Optimization Tricks used by the Lockless Memory Allocator

  • This is very similar to a multithreaded memory allocator I implemented many years ago: http://people.cs.vt.edu/~scschnei/streamflow/

    Full paper: http://people.cs.vt.edu/~scschnei/papers/ismm06.pdf I also have an incomplete extension to that paper with more algorithmic details. I can clean it up and send it to interested parties.

    Source code: http://github.com/scotts/streamflow/

    There's also an excellent paper recently published at PACT 2011 that is extends and improves on what we did previously, but the paper is not available anywhere yet: http://aces.snu.ac.kr/Center_for_Manycore_Programming/SFMall... I have a copy of the paper and can email it to interested people.

    Edit after looking through his code: I think he has locks on the main execution path for malloc. That violates one of our design principles, which was to avoid synchronization on the main path, and to only use lock-free synchronization for most operations on the main path. (Allocations that hit the page-block allocation in our work hit a lock. The SFMalloc allocator I mention above takes those locks out and sees performance improvement.)

  • Lockfree slab allocator for smaller blocks is frequently all that's needed, especially in STL-heavy C++ code.

    There is typically heck of a lot allocations of 0-32 byte blocks, about half of that of 33-64, a further half of that of 65-128, etc. - meaning that if one optimizes allocation of blocks smaller than 512 bytes, it would yield 80-90% of achievable speed gain due to a better allocator.

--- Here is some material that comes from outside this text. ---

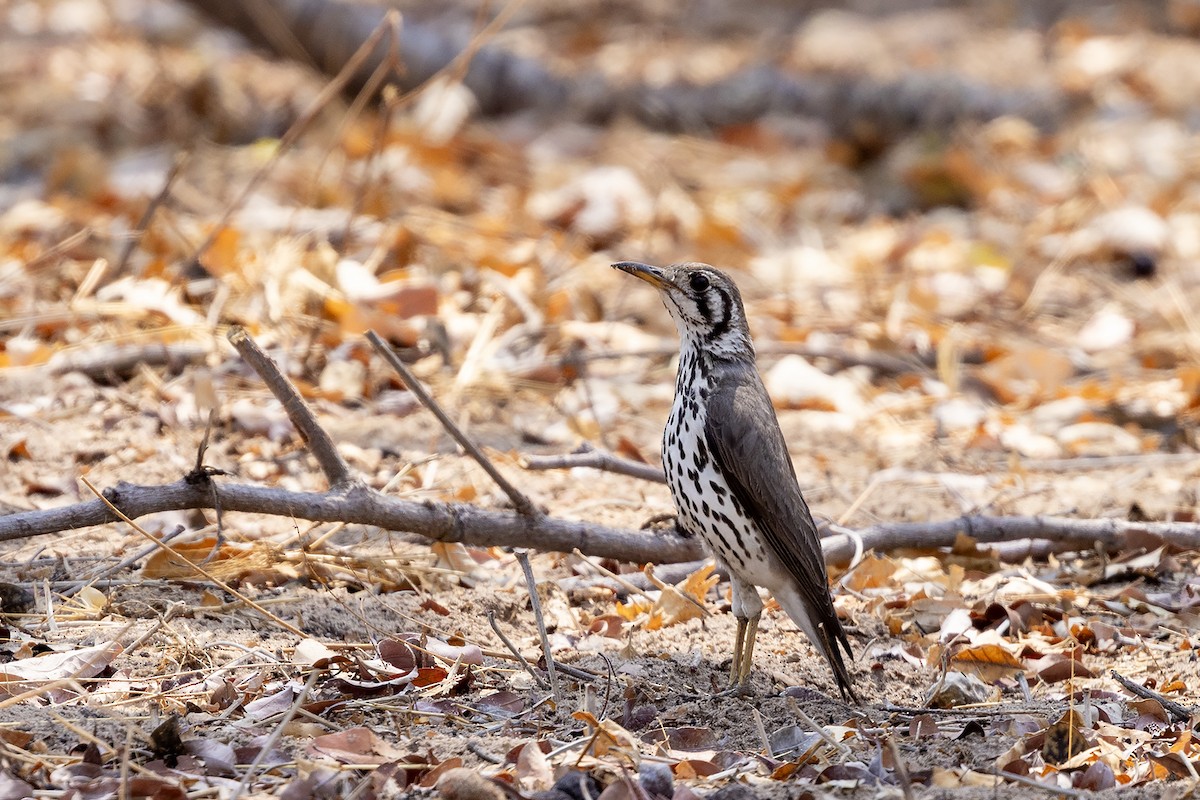 Groundscraper Thrush - ML644070533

    In practical terms it translates into simpler implementation - just set up a bunch of slab buckets - one for 0-16 byte blocks, next - for up to 32, next - for up to 63, etc. - and pass larger allocation requests to default malloc. Exact size ranges are easy to determine by running the app with a proxy allocator and looking at the block size histogram. I did this with several projects and in all cases histograms stabilized very quickly. The tricky part is a lock-free management of the slabs, especially the disposal, but it is not a rocket science by any means.

    A real-world example - adding a lock-free slab allocator to a Windows app that did some multi-threaded data crunching yielded 400% speed up compared to native HeapAlloc().